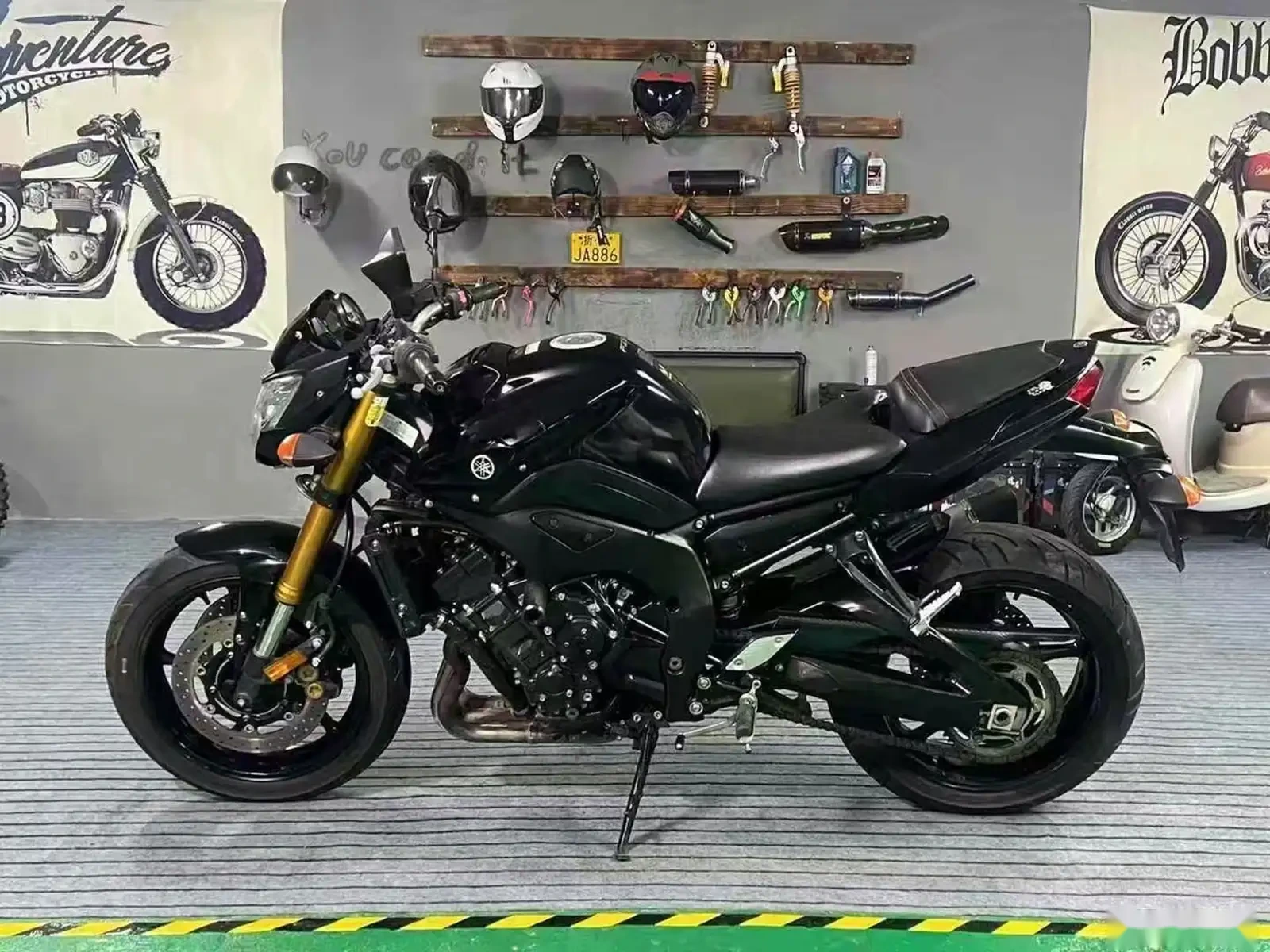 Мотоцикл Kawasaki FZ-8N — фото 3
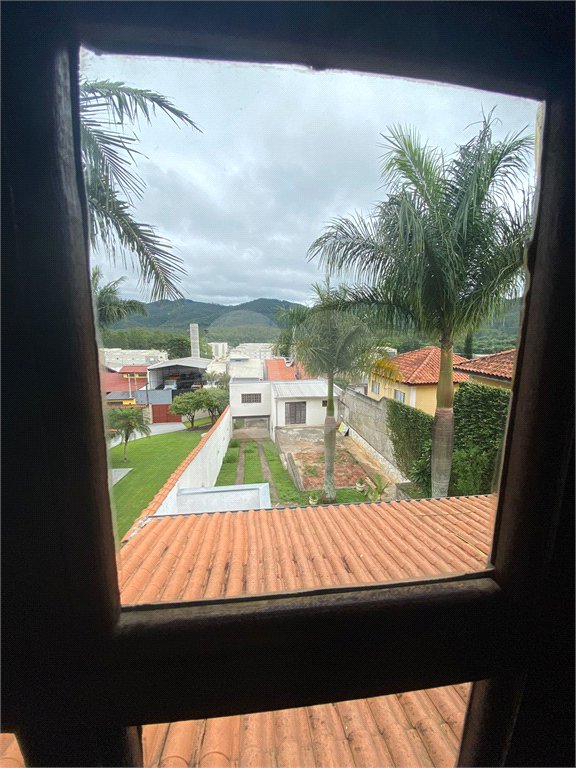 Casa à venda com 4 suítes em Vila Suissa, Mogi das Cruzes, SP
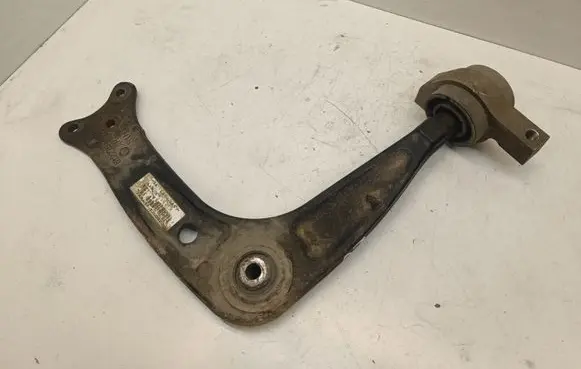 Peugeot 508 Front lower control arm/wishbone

WHAT THIS TASK INVOLVES — Could you output the lines above exactly, with no pictures included?

YOUR RESPONSE —
 Мотоцикл Kawasaki FZ-8N — фото 3
 Casa à venda com 4 suítes em Vila Suissa, Mogi das Cruzes, SP
 Peugeot 508 Front lower control arm/wishbone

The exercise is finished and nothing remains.